The population is large, young and well educated with a strong work ethic and entrepreneurial spirit. Around 55% of the population is under the age of 35. Rapid urbanisation and industrialisation and an emerging middle class provide excellent growth and investment opportunities. The economy’s rapid growth is backed by a modernising infrastructure. Infrastructure spending amounts to a substantial 6% of GDP. The government will increase infrastructure spending by 38% over the next five years, focused on building metros and ring roads in the two largest cities, Ho Chi Minh City and Hanoi, and the 1,800 km North-South highway. Electricity generation and transmission capacity is set to increase by 8% per annum over the next 10 years.
There was a smooth political transition at the 5-yearly National Party Congress concluded in February, assuring investors of policy continuity. An ambitious privatisation programme has culled the number of state-owned enterprises from 15,000 to 2,000 over the past 20 years. State-owned enterprises account for only 20% of GDP. Despite Vietnam’s trade surplus with the US equating to a massive 20% of GDP (compared with 2% of GDP in China’s case), the US is willing to overlook this due to its desire to foster a close relationship with the country. The relationship will strengthen as US relations with China deteriorate. The quid pro quo is that Vietnam has pledged to allow its currency to appreciate, not a bad outcome for foreign investors, and a strengthening currency will force the economy to innovate to remain competitive. Nonetheless, factory wages are still 60% below China’s. A significant “reshoring” of manufacturing capacity from China to Vietnam is occurring, a trend that has been accelerated by Covid related supply chain disruptions.
The stock market is maturing. The number of companies with a market capitalisation exceeding $1 billion has increased in the past 6 years from 10 to just under 50. The market has risen sharply this year, driven by domestic retail investors. Yet only 3% of households have retail stock brokerage accounts. The government wants this to be 5% by 2025 and 10% by 2030, following the same model which made other Asian tiger households wealthy. The mutual fund industry and corporate pension plans are still in their infancy, pointing to a multi-year structural shift in demand for share ownership.
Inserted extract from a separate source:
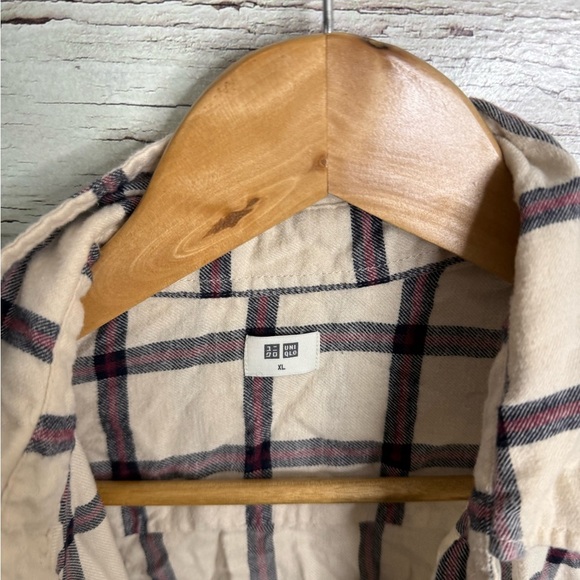 Uniqlo Cream and Purple Plaid Button Down Shirt size xl - Picture 6 of 8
VinaCapital Vietnam Opportunity Fund Ltd. (VOF) is listed on the London Stock Exchange with a market capitalisation of just under £1bn, offering investors the opportunity to share in this exceptional country’s growth and innovation. VOF is managed from Ho Chi Minh City and offers a highly differentiated model with investments across listed securities, debt, convertible debt, private equity and pre-listed equity. Diversification across asset classes both tempers volatility and in the case of private equity and pre-listings provides returns in excess of listed shares. VOF’s performance has been exceptional, with a compounded annual increase in net asset value per share of 12.1% over 10 years and 17.2% over 5 years. Moreover, the share trades at an 18% discount to net asset value. The share is a long-term constituent of Overberg Asset Management’s global private share portfolios.
- Nick Downing is the CEO and CIO of Overberg Asset Management.